The ‘use’ of non-residents in pursuit of charitable activities is actually quite common. Churches use non-resident Pastors, charities often have non-resident consultants and many organizations use key-note addresses for their annual meetings. Where these individuals are not residents of Canada, questions arise as to the responsibility of the charity for withholding and remitting a portion of the payment amount to the CRA.
If the individual never sets foot in Canada then there are no withholding requirements. However, where the recipient is a non – resident that provided a service in Canada and is paid a fee, commission or other amount (although not salary or wages) then the Canadian payor must withhold 15% (24% in Quebec) from the payment exclusive of reimbursement for expenses. It should go without saying that the amount withheld must be remitted to the CRA (or Revenue Quebec).
It can, at times, be difficult to determine whether an individual is a non – resident. And even if it is obvious that the person does not live in Canada there may be some difficulty in determining in which country they are resident. To make matters worse, where the individual may be resident in more than one country, the charity employer may need to resort to the tie-breaking rules that are a feature in many tax treaties. (Although in this case the Canadian charity may need to know the application of the tie breaking rules between two foreign countries to determine where a non – resident contractor is resident). This might be necessary to determine whether Canada has a treaty with the country in which the individual is actually resident for reasons which are explained below.
The amount withheld can be reduced by application – of the recipient – to the CRA. There are two mechanisms to do so.

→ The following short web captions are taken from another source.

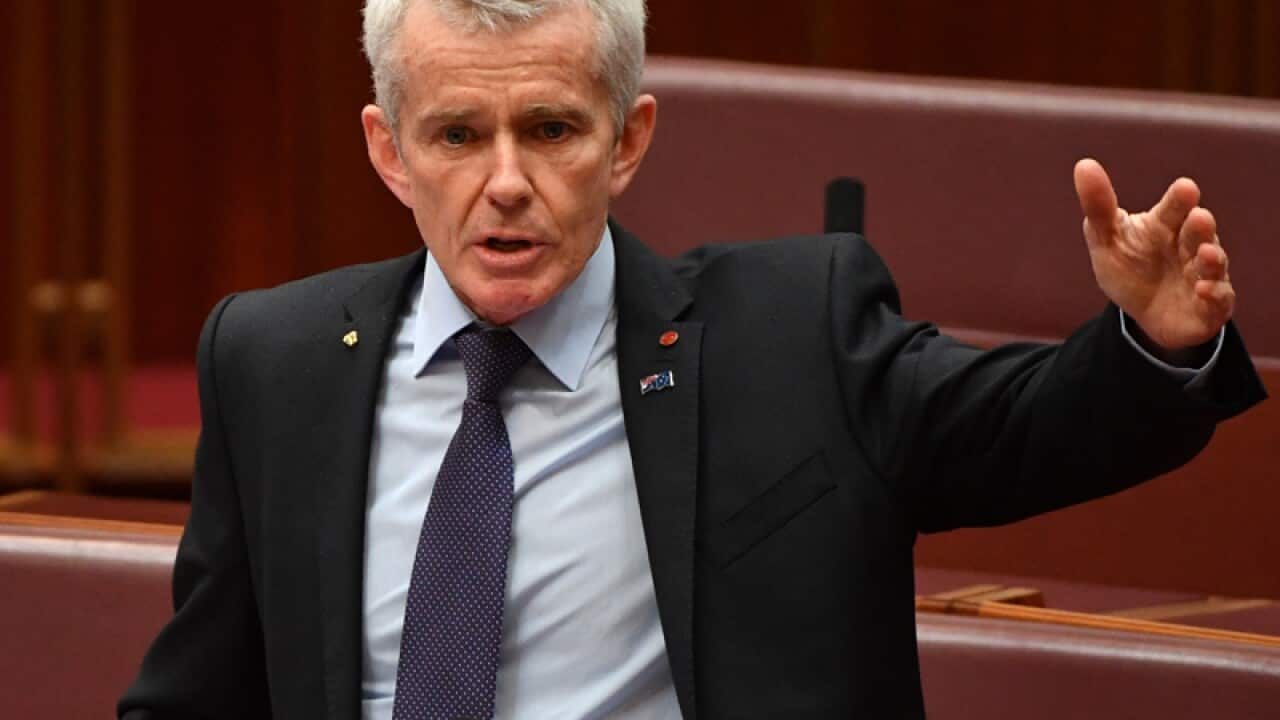 One Nation Senator Malcolm Roberts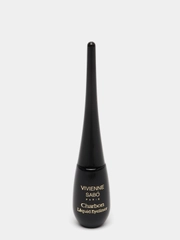 Vivienne Sabo Подводка для глаз жидкая "Liner Pinceau "Charbon " тон shade 01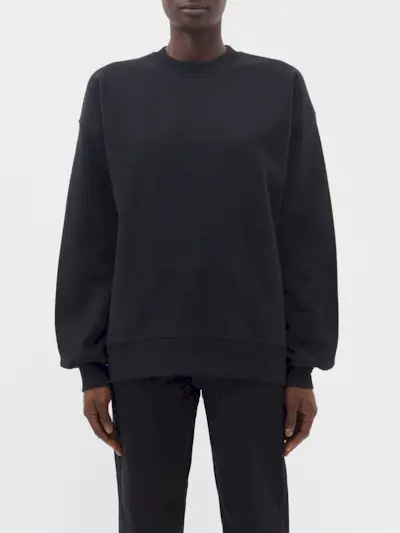Raey + Recycled Yarn Classic Sweatshirt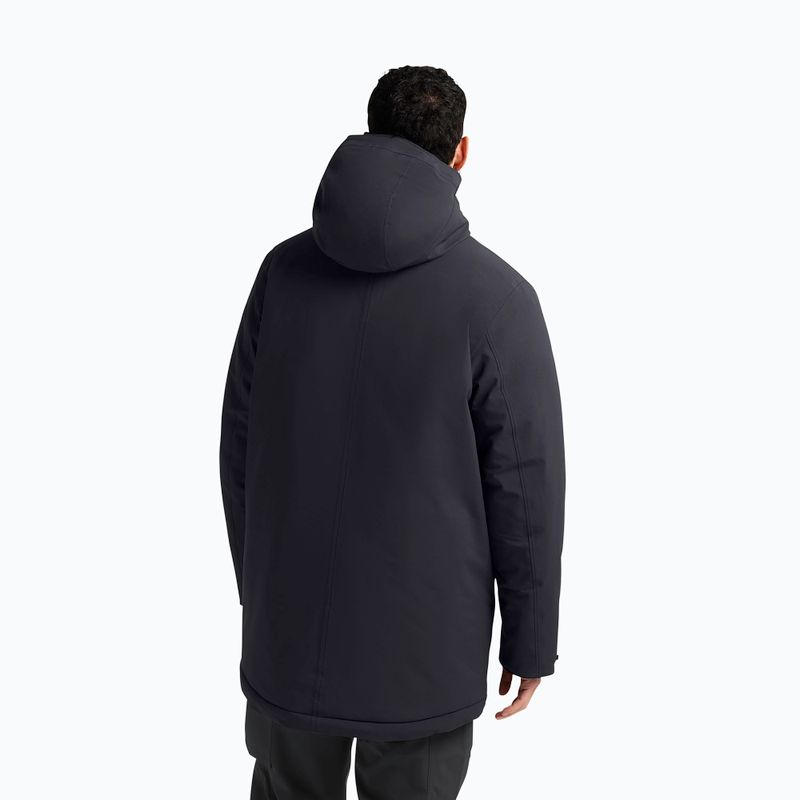 Pánska zateplená bunda Jack Wolfskin Cold Camp Coat dark navy 3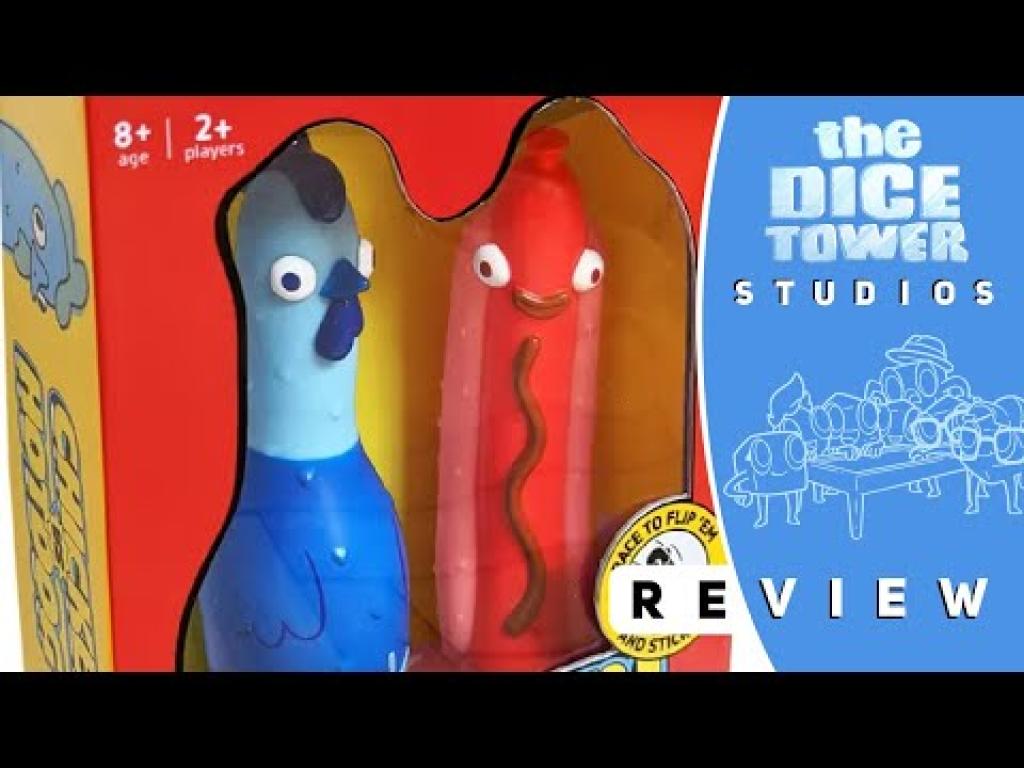 Chicken Vs Hotdog Review Hot dog hot dog hot diggity dog!The Dice Tower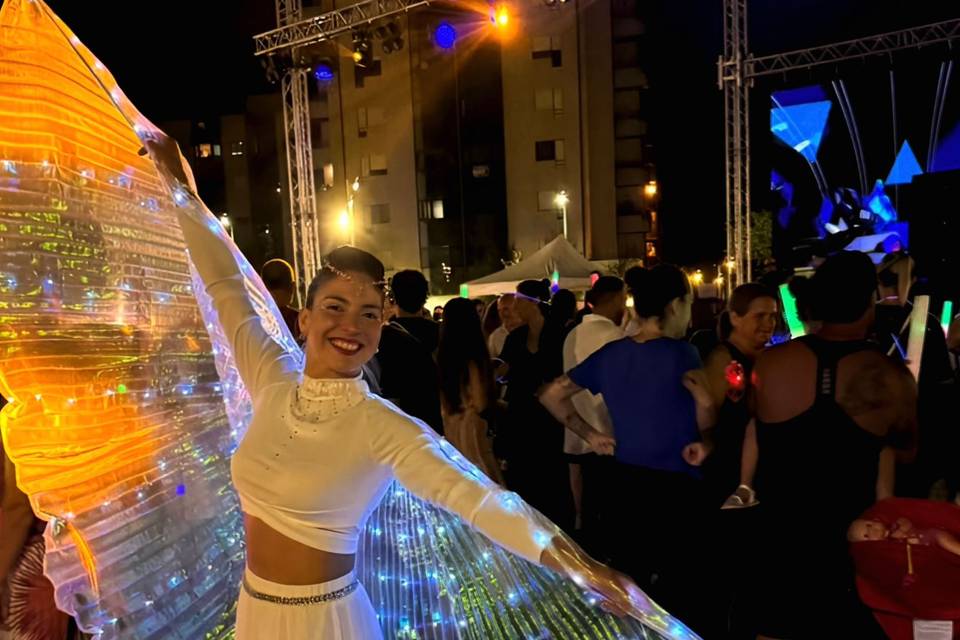 BAILARINAS LED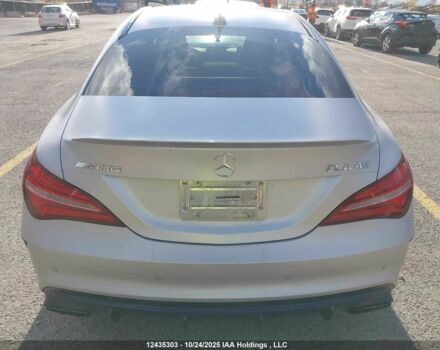 Серый Мерседес ЦЛА-класс, объемом двигателя 2 л и пробегом 128 тыс. км за 14100 $, фото 1 на Automoto.ua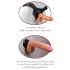 Real Feel Deluxe No.1 - vibratore realistico con testicoli - colore naturale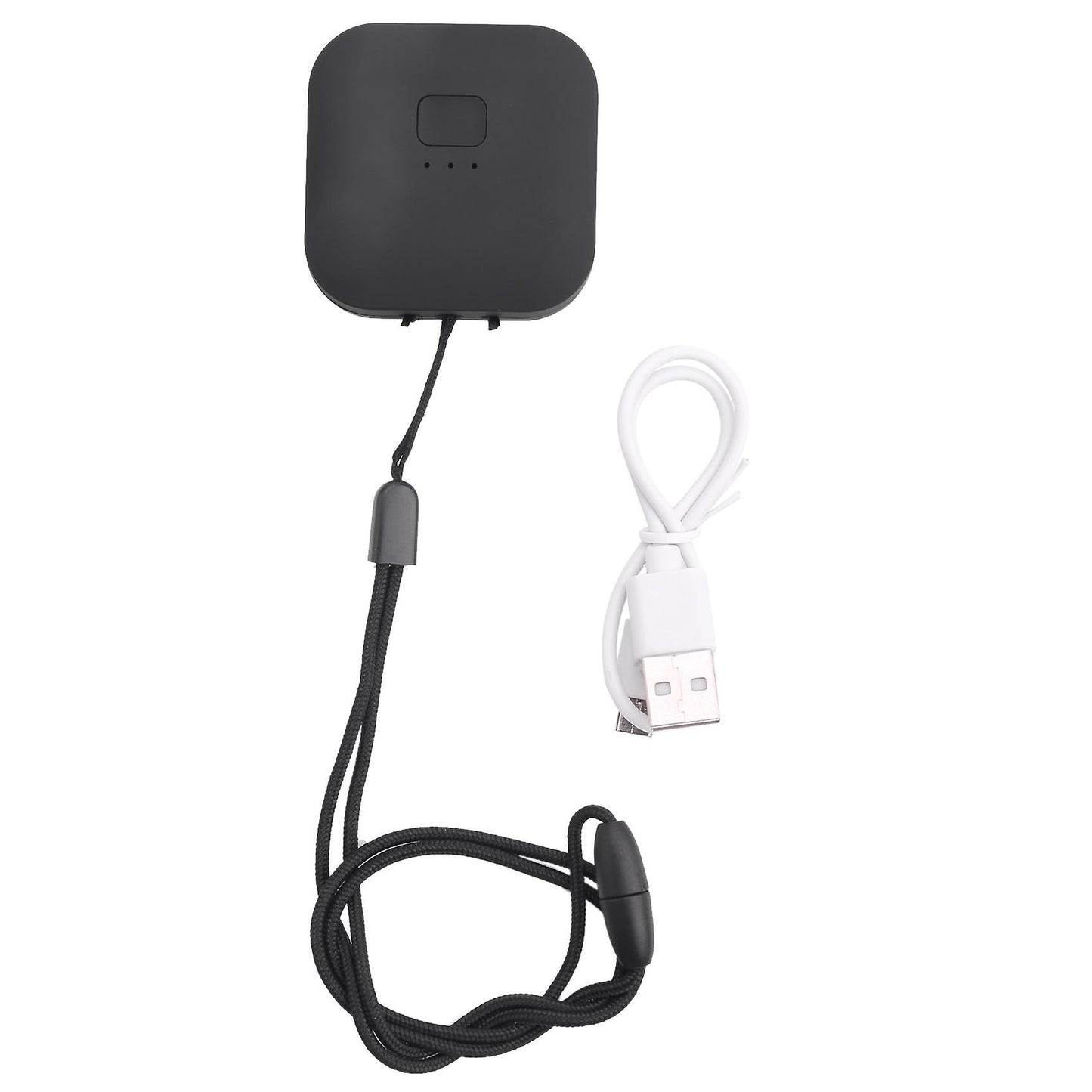 Air Purifier Necklace Around The Neck, Wearable Air Purifier Black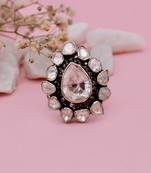 Silver Oldooz  Adjsutable Ring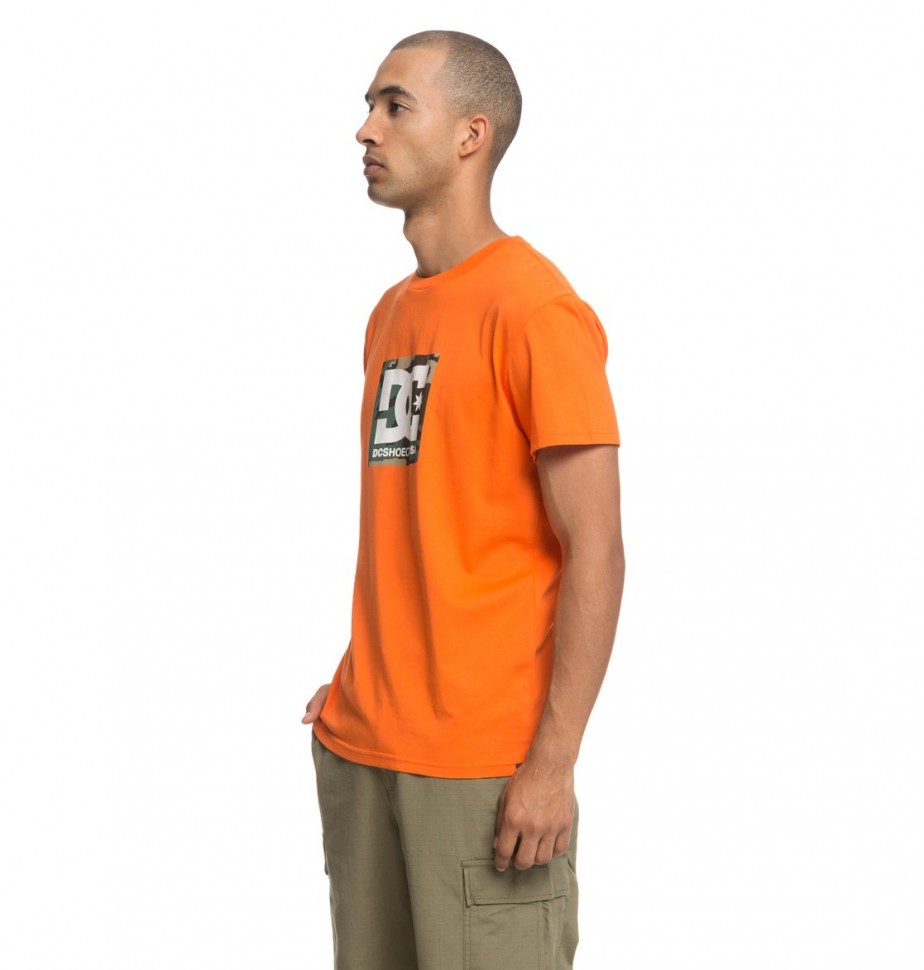 Футболка DC SHOES Camo Boxing Ss M Puffin'S Bill фото 2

The first relates to a relevant treaty between Canada and the country of residence of the contractor to reduce with amount withheld. Another waiver exists where the individual would not be paying any Canadian tax as a result of deductions available to him or her in the course of their work or if the amount of income is less than $5000 CDN. The waiver must be applied for by the recipient and will not be backdated[1]. So non-residents working in Canada should be proactive in applying for the waiver.
Once the amounts are deducted the non-resident may file a Canadian income tax return and claim any overage amount back as a refund if applicable. Knowledge of these rules is critical. An organization which fails to withhold and remit the amount itself becomes obligated to make the payment out of its own pocket. The further corollary is that Directors may become responsible personally as they would for any other individual for whom they do not withhold and remit the source deductions.
Charities and not-for-profits as economic actors are subject to many of the same income tax rules as every other economic actor. All organizations should seek professional counsel with expertise in these specific areas so as to avoid the pitfalls of operation.